Below this line are records; transcribe exactly the lines between the one holding "Used 2013 Honda Accord EX-L image 14" and the one holding "Nike Air Force 1 '07 x Syna", inclusive, and omit the pictures.

▶ _Records shown_

● ● ● ●

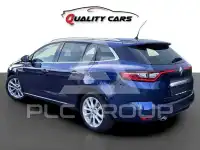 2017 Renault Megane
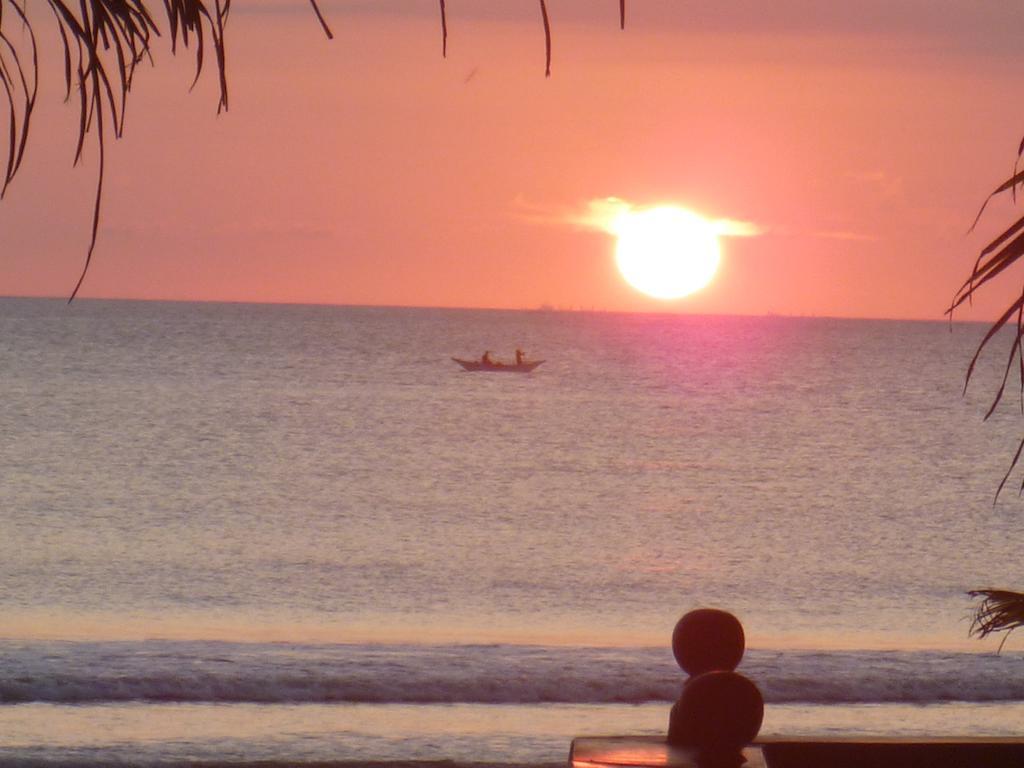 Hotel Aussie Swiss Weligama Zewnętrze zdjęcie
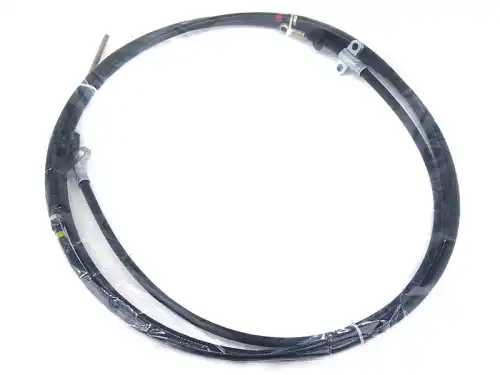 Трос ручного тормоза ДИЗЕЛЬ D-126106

● ● ● ●

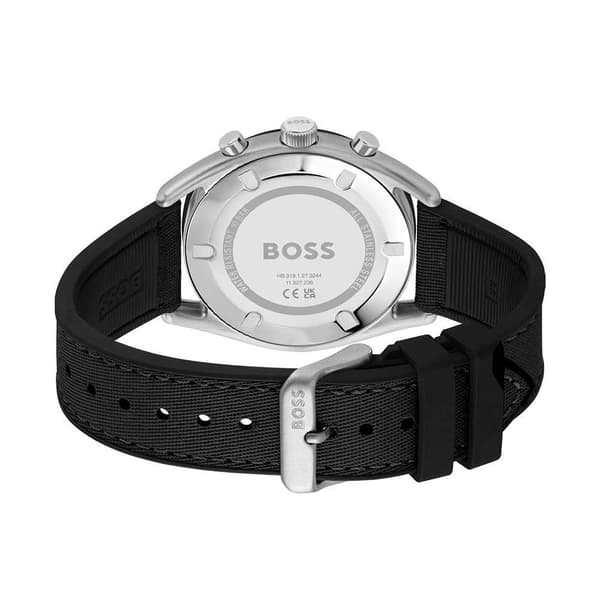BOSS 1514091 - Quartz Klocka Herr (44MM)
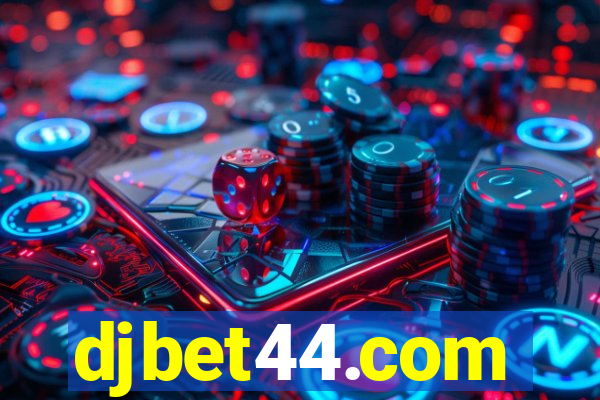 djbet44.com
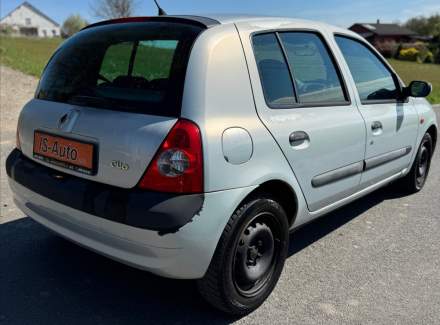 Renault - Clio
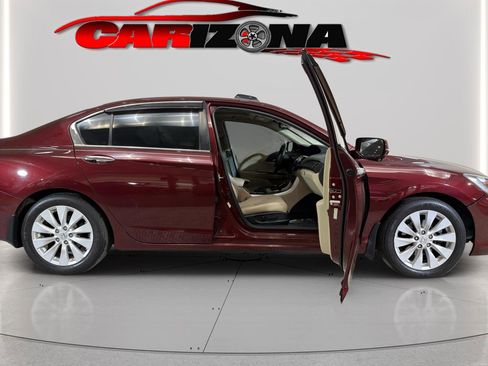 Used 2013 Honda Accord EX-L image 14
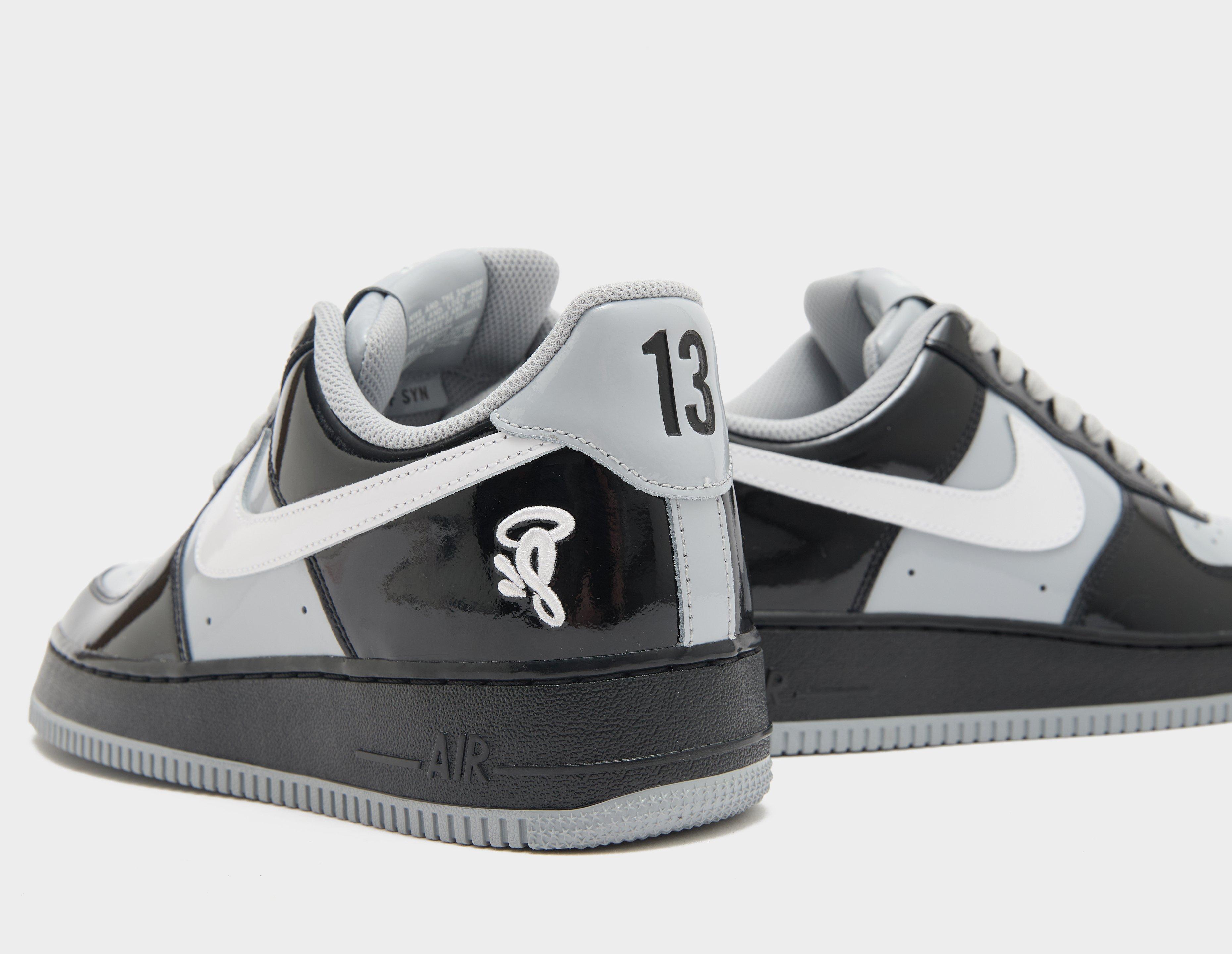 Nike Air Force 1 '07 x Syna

● ● ● ●

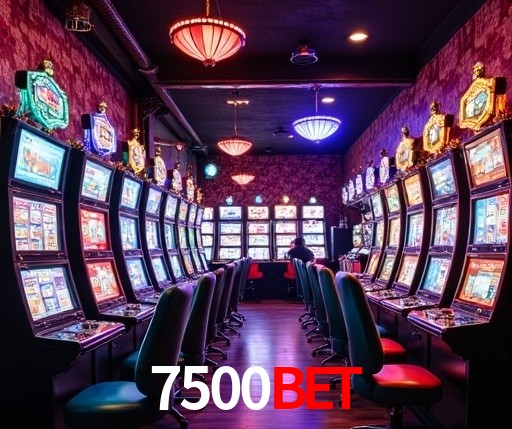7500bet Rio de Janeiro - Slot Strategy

● ● ● ●

▶ _Exercise result_
 Used 2013 Honda Accord EX-L image 14
 Nike Air Force 1 '07 x Syna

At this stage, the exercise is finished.